Seul dans Berlin : la voix des taiseux courageux
A propos de Seul dans Berlin, de Hans Fallada, Folio, 560 pages,, et de la pièce Seul dans Berlin, mise en scène de Luk Perceval.
En 1946, alors qu’il vit ses derniers instants, l’écrivain allemand Hans Fallada écrit son ultime roman, Seul dans Berlin, inspiré par l’histoire vraie du couple Hampel, exécuté par la Gestapo pour propagande hostile au Reich. Salué par Primo Levi – qui y verra « l'un des plus beaux livres sur la résistance allemande antinazie » – Seul dans Berlin est une œuvre d’une exceptionnelle puissance nous permettant de saisir, de la façon la plus intime et la plus bouleversante, les mécanismes de terreur, de conditionnement et de perversion du langage mis en place par les totalitarismes d’Etat du XXe siècle. C’est cette œuvre majeure que nous aurons la chance de pouvoir (re)découvrir à partir du 29 janvier, adaptée et mise en scène par Luk Perceval sur les planches du théâtre Nanterre-Amandiers. L’action débute dans un immeuble berlinois : Otto et Anna Quangel, des braves gens du peuple, apprennent un matin la mort de leur fils unique, tombé sur le front de France. Le drame dessille les yeux du contremaître qui prend la résolution d’écrire chaque dimanche des « cartes postales » dénonçant les mensonges du Reich, cartes qu’il déposera au hasard dans les halls d’immeubles. Ainsi, se dit Otto Quangel, les « autres » – les Allemands du quotidien qui sont, croit-il, autant de résistants silencieux – sauront qu’ils ne sont pas seuls… S’en suit alors une éprouvante partie de traque et de cache-cache entre les autorités policières du Reich et le méthodique propagandiste.
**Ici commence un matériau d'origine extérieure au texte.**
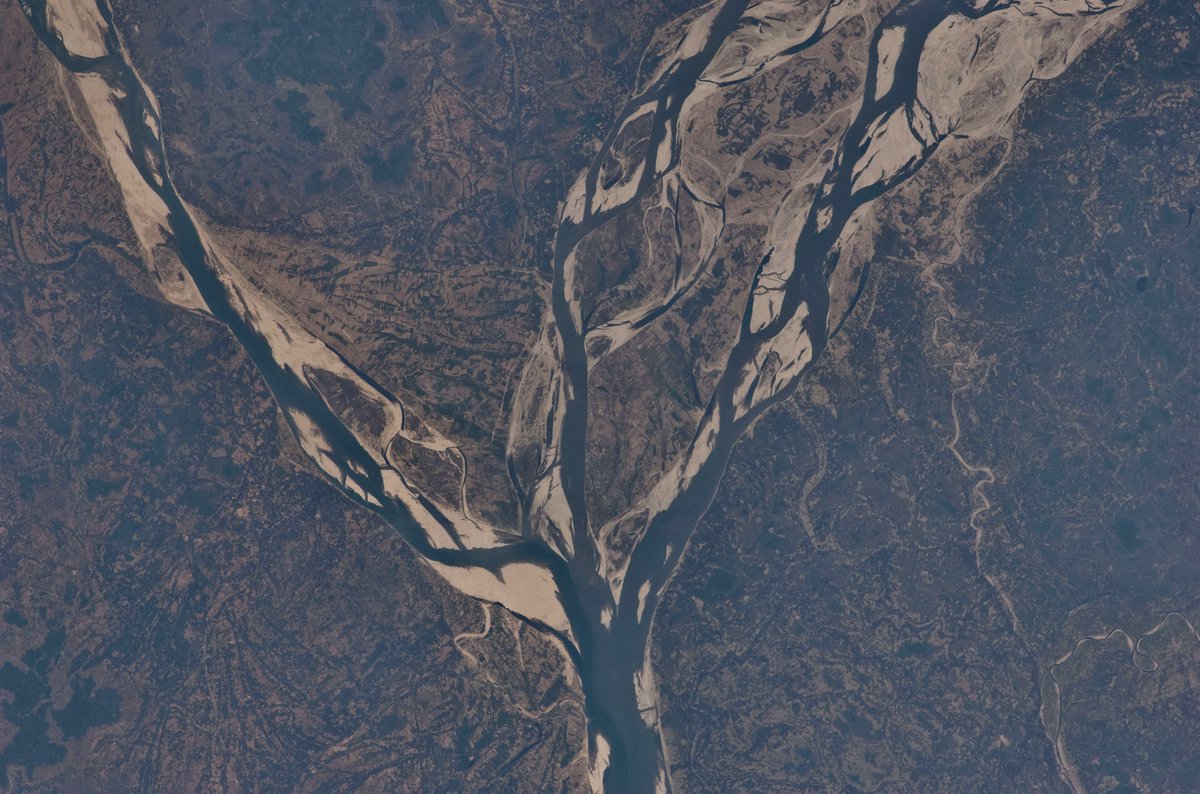 The Ganges and Jamuna river confluence in <a href="/Bangladesh/">Bangladesh</a>, along with surrounding agricultural areas. Taken by a crewmember aboard the International Space Station during Expedition 22.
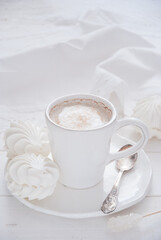 Coffee and marshmallow on a white wooden background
Geste dérisoire et héroïque, exprimé au nom du principe d’espérance, l’acte de résistance d’Otto Quangel le mènera, on s’en doute, à sa perte. Mais c’est en perdant tout, solitaire parmi les solitaires, broyé par une machine procédurière perverse, qu’il pourra reconquérir le bien le plus précieux. Contre l’affaissement hystérisé, Fallada dessine la voix des humbles héros, des taiseux courageux, des martyrs pudiques.